Elcevap: ‘‘Enerji ve özelleştirme!''

Enerjide mutlaka bir ‘‘Düzenleyici Kurul'' oluşturulmalıymış.

Özelleştirme İdaresi ise bağımsız değilmiş; bağımsızlaştırılmalıymış.

El insaf.

Bir ülkenin yönetim hukukuna ters düşen reçete ancak bu kadar olur.

Böylece, Enerji ve Kaynaklar Bakanlığı'nda bazı aklıevvellerce sürdürülen ‘‘düzenleme kurulu'' çalışmalarının nereden kaynaklandığı anlaşılmış oluyor. Özelleştirme İdaresi Başkanı'nın, kırmızı ışıkta burnundan soluyan trafik canavarı gibi, arada bir ‘‘Siyasilerden yeşil ışık bekliyorum!'' diye sabırsızlanışındaki hikmet de.

Mister Ajay Chhibber'e anlatmalı ki, Türkiye'de 1961'den beri bir Devlet Planlama Teşkilatı vardır ve ülke gereksinmelerine göre genel enerji planlamasının önce orada düşünülmesi, Bakanlık'ça da uygulanması gerekir. İşin rekabete ilişkin yönleri açısından bir Rekabet Kurulu, yönetim hukukuna dönük yanları bakımından da çeşitli kademeleriyle işleyen bir yargı sistemi vardır.

Herhalde Amerika'nın 1920'de kurduğu Federal Enerji Komisyonu'ndan esinlenen Stanford mezunu, bütün bunları yok sayarak her şeyi tek bir ‘‘Düzenleyici Kurul''un kararlarına bağlayıp oraya da yabancı büyük sermayenin adamlarını oturtmakla enerji sorununun altmışaltıya bağlanacağını sanıyor.

Beklenirdi ki, Amerikalar'da mürekkep yalamış biri, hiç olmazsa oraların rasyonel işletmecilik falan gibi akımlarından etkilenip ‘‘Sizin KİT'leriniz siyasal kayırmacılığa kurban edilmiş; satacak olsanız bile, bir an önce özerkleştirin de iyi çalışsınlar!'' gibi bir şey tavsiye etsin. Hayır, Mister Ajay Chhibber, KİT'leri değil, Özelleştirme İdaresi'ni özerkleştirme peşinde.

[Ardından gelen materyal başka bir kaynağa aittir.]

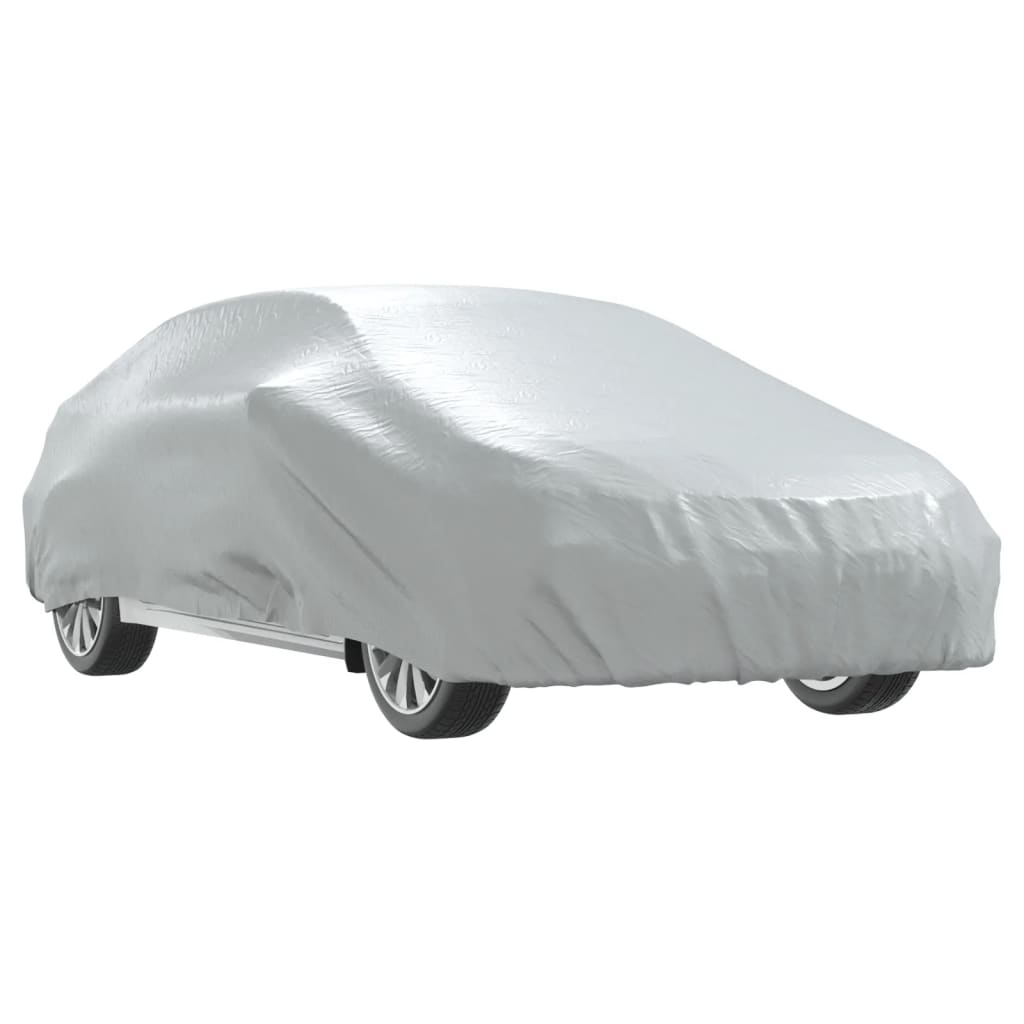 Vidaxl autohoes for sedan z posypkami l całkowicie srebra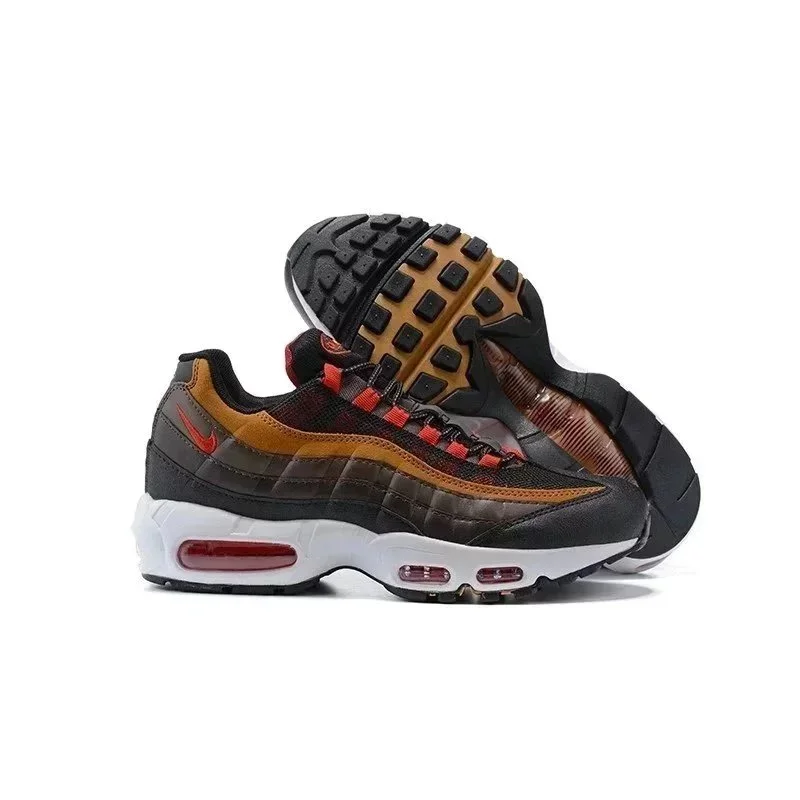 Nike Nike Air Max 95 Black/Brown/Red Sneakers Black - 1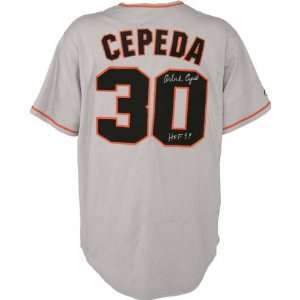  Orlando Cepeda Autographed Jersey  Details: San Francisco 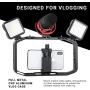 Ulanzi M-Rig Film Making Vlog Cage with Sairen VM-Q1 Microphone Bundle for Smartphones, GoPros and DSLR Cameras | Full Metal Professional Grade Vlogging Cage with Mic (2 Items)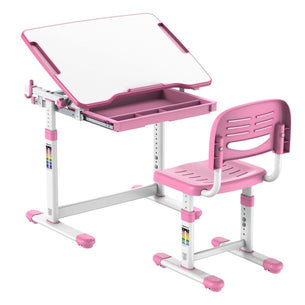 Pink Children's Desks - Kids Desk and Chair Set for Ages 3-10 - Mount-It! - MI-10203 Pink Children's Desks - Kids Desk and Chair Set for Ages 3-10 - Mount-It! - MI-10203
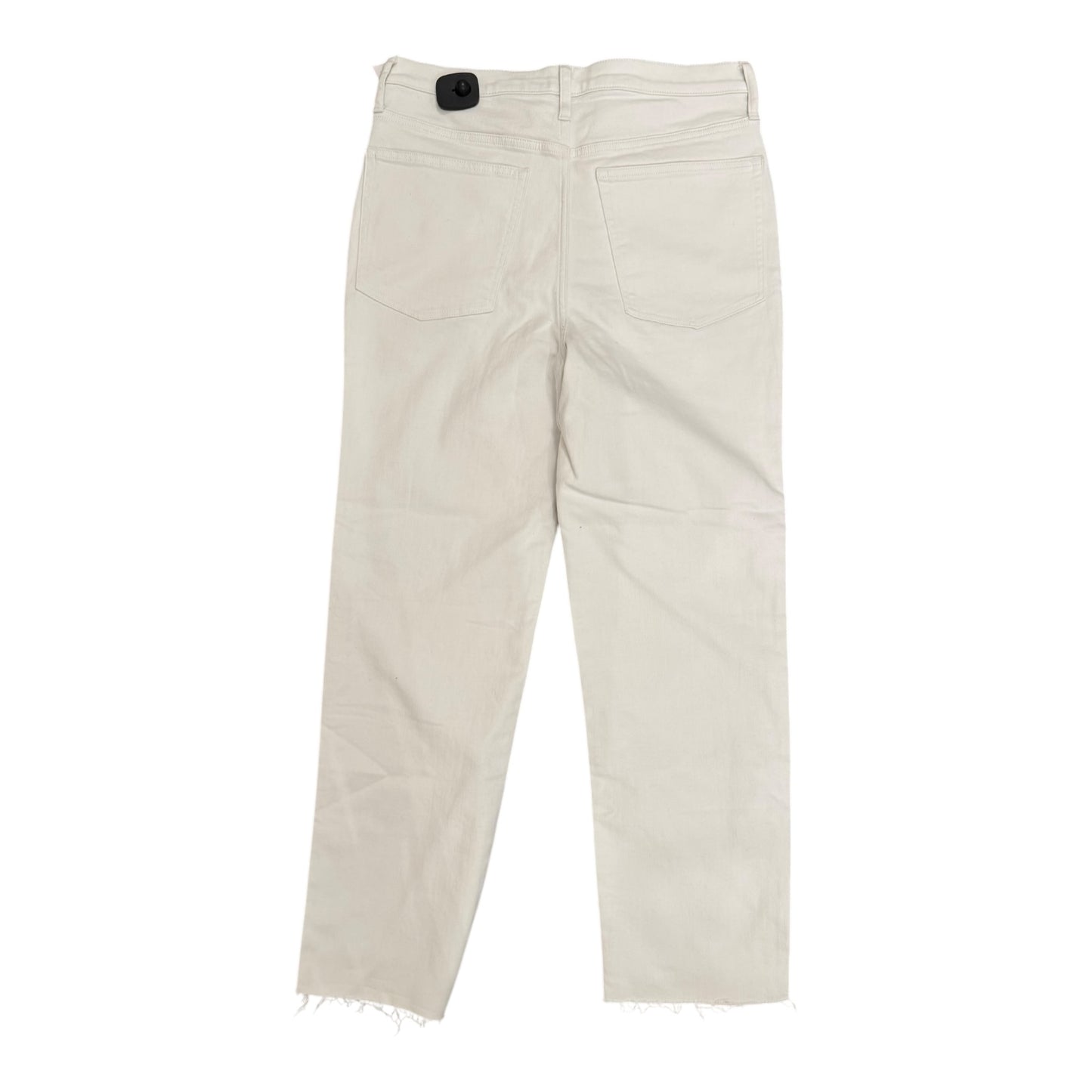 Jeans Straight By J. Crew In White, Size:10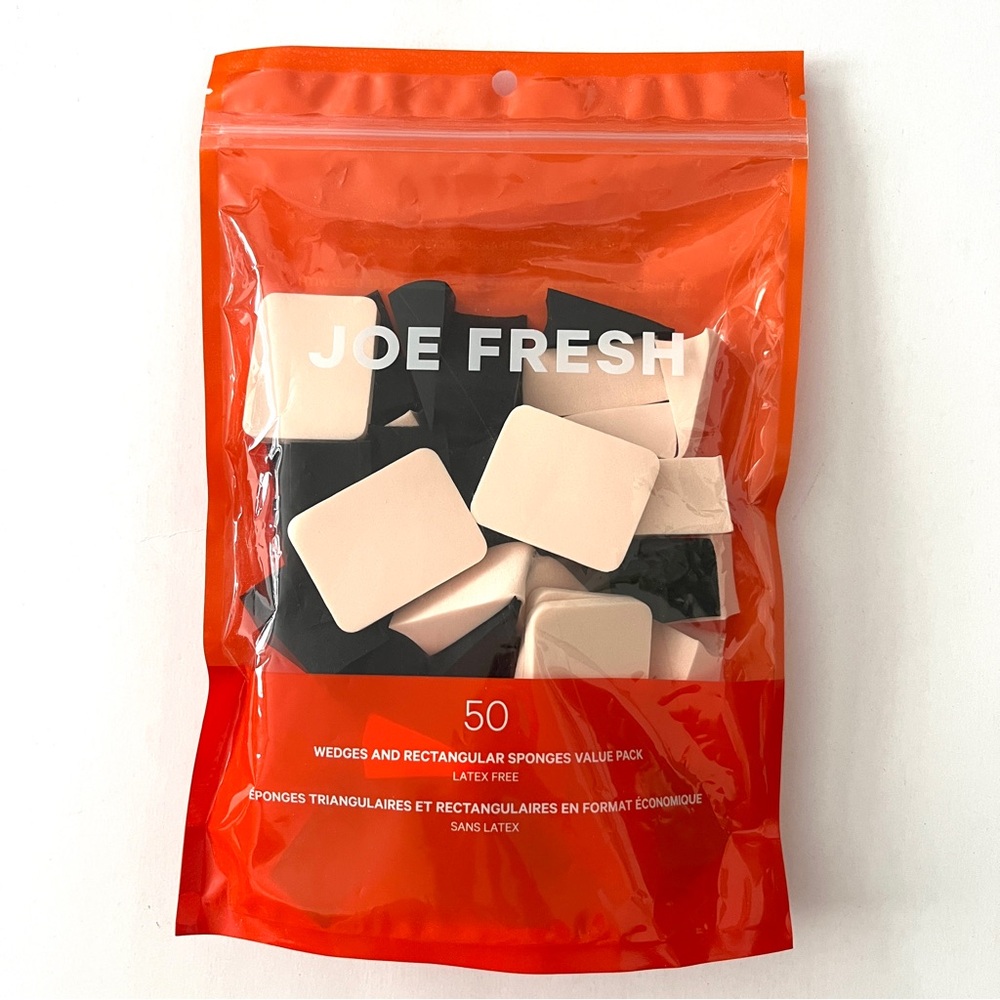 Brand New Joe Fresh 50 piece Wedges and Rectangular Sponge Value Pack
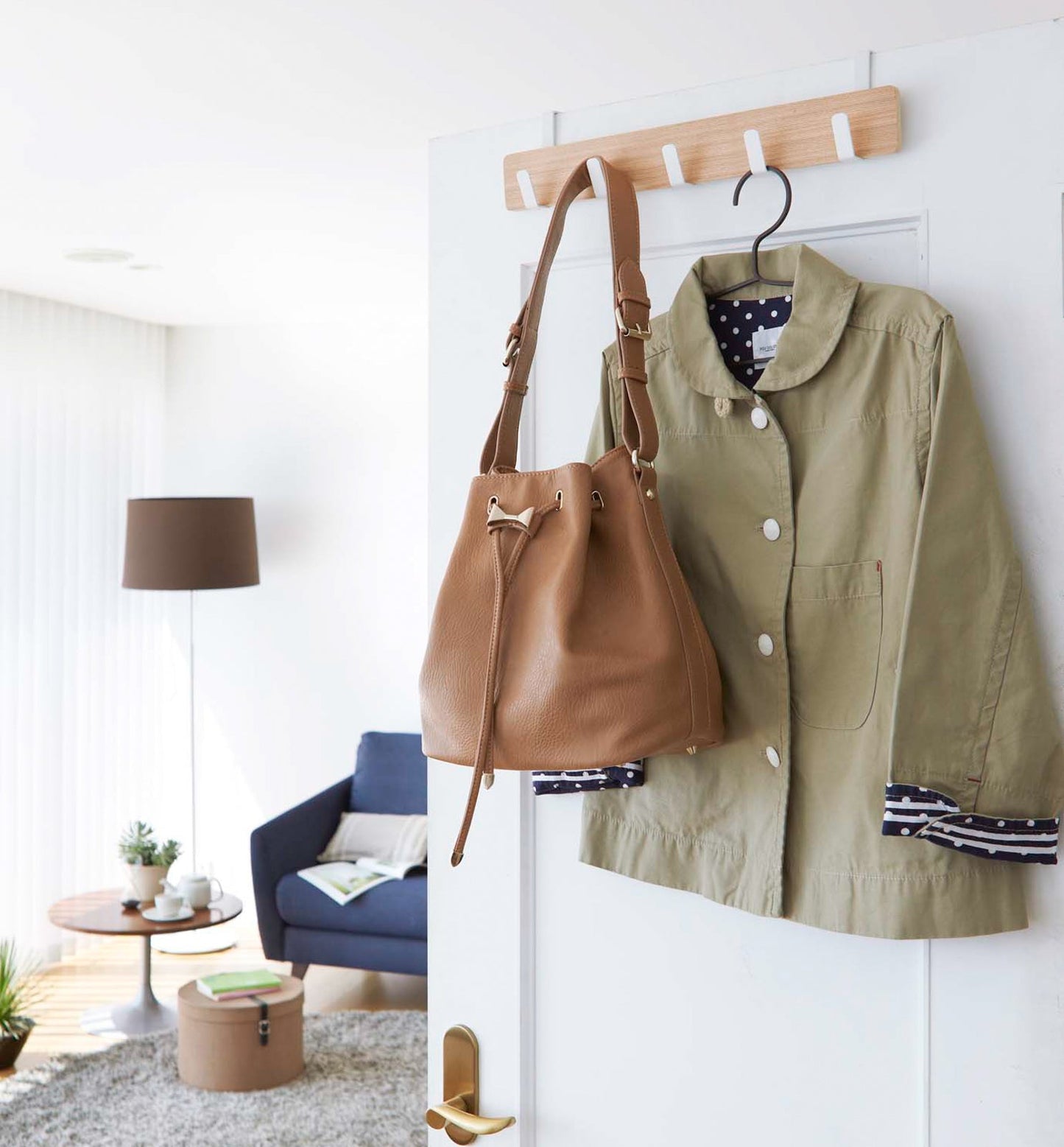 Wood Over-the-Door Rack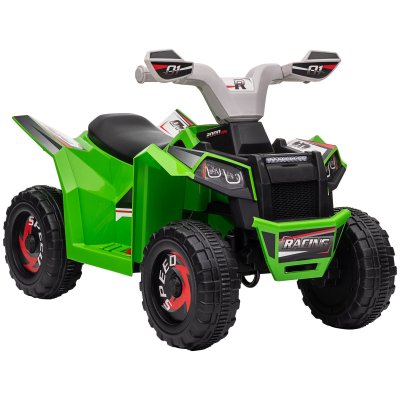 HOMCOM Quad &eacute;lectrique enfant v. Max. 2,5 kmh 6 v vert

Artık Türkiye'nin en büyük holdingi haline geldiğini, ‘‘kapsam'' işkencesiyle bütün kamu işletmelerinin elini ayağını bağladığını, başkanının hem böyle bir kuruluşta baş koltuğa oturup hem de Türk Havayolları'nda yönetim kurulu üyeliği yaptığını unutarak.

Mister Ajay Chhibber'in bu kafayla giderse pek yakında nasıl bir tezkere alacağı bellidir. Onun kafasıyla giderlerse, Türkiye'deki benzerlerinin de.